Florence is betting on international investments and the redevelopment of state or municpally owned real estate to drive a recovery in the Tuscan capital, after years of suffering due to the economic crisis and the bankruptcy of historic construction companies.
The high-speed train connection has made the city one of Italy’s main hubs and Florence has known how to communicate its many vocations, aside from the cultural, with interesting investments for example from the fashion world.
With the Four Seasons hotel installed in the Palazzo della Gherardesca since 2008, Florence has become particularly appealing again for the hotel industry, and the Lowenstein family recently announced that the CAIRE consortium has won the private contest to relaunch the former Vittorio Veneto barracks and plan the future of the Costa San Giorgio street with a project that will integrate office spaces with tourist accommodation.
The city council is promoting Florence through a national marketing operation, having gathered information into a single database about the large public and private properties that are currently abandoned, with the aim of attracting financial resources and favoring their renovation and conversion. Mayor Dario Nardella’s council is presenting the database to potential investors. It is likely to be updated with the 16 regeneration initiatives that the council and state property agency Demanio presented a few days ago.
“Between ex-barracks, historical buildings and other public property, we estimate a surface of 175,000 square meters with an expansion of 600,000 square meters, property of great beauty and a value of about €360 million, situated from the center to the periphery,” said the Demanio agency.
Some of these involve state holding company CDP, such as the recovery of the San Gallo former military hospital, for which CDP Investments has launched a tender and will choose the project developer by the end of March.
A renewed “dynamism” in the Florentine market has been noted among the leading architectural firms in the city and those who promote real estate development.
“The new urban regulation gave legitimacy to big real estate containers and this is a salient element for international and institutional investors,” said Giovanni Belloni, Chief Executive of real estate developer Progenia. “Finally, after two years, Florence has a clear reading tool for the city,” he said.
The signs? The relaunching of the renovation of the former tobacco manufacturing plant through the joint venture between CDP Immobiliare and an international investment fund of which Aermont Capital LLP is an investment advisor. The project foresees a total investment of €200 million to restore a strategic area of the city based in a complex of almost 90,000 square meters.
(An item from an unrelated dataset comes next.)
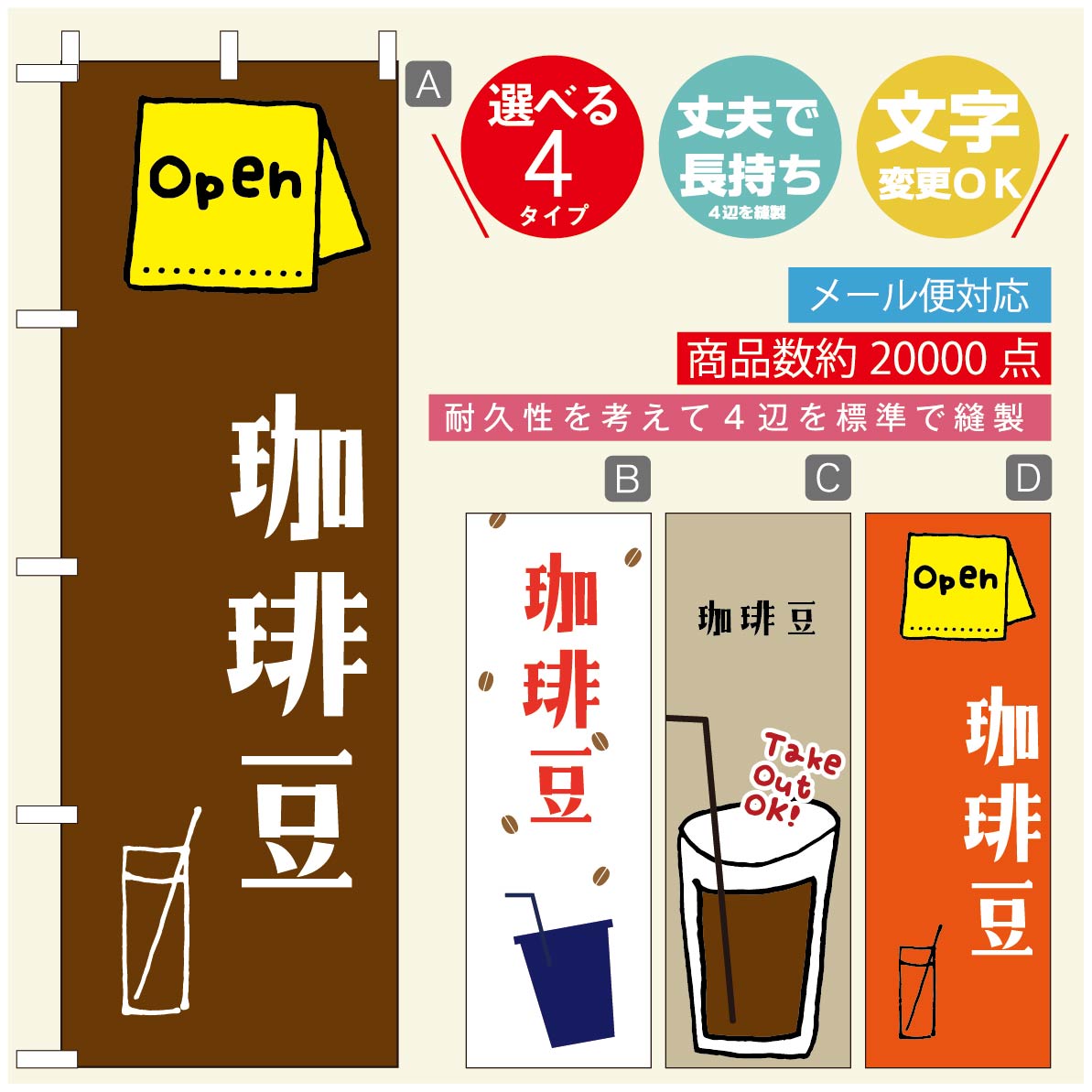 のぼり旗 コーヒー 珈琲のぼり 寸法60×180 丈夫で長持ち【四辺標準縫製】のぼり旗 送料無料【3980円以上で】のぼり旗 オリジナル／文字変更可／のぼり旗 コーヒー 珈琲 カフェのぼり／のぼり旗 喫茶店 自家焙煎のぼり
The process is underway but there is still no defined project.
A year ago, the US group Hines signed a purchasing contract for a 15th century palace in Florence in via Tornabuoni 3: the €80 million deal includes commercial spaces and a hotel structure.
“The project of The Student Hotel is already in an advanced phase,” said Architect Marco Casamonti from the Archea studio, which “with an investment of €40 million is converting the Palazzo del Sonno in an abandoned industrial area into student dorms with 400 rooms.”
The same studio will also design the renovation of the former city theater, where 100 luxury lodgings are due to be developed by the Corso Italia company. They will go on the market with costs ranging between €6,000-€9,000 per square meter. The study led by Casamonti is busy also in the area of Novoli, on four buildings with 100 lodgings on sale at €4,000 per square meter.
Genius Loci Architettura has signed the project for the conversion of the former offices of Cassa di Risparmio di Firenze, in via Bufalini, which will have varied uses including both the residential and commercial, and is about 18,000 square meters of surface space. About 140 luxury lodgings will be created and 100 new car spaces: a conservative restoration operation which aims to put apartments on the market at a figure that is estimated to vary between €4,000-6,000 per square meter. The sole investor is Colony Capital and Idea Fimit is entrusted with the management of the fund.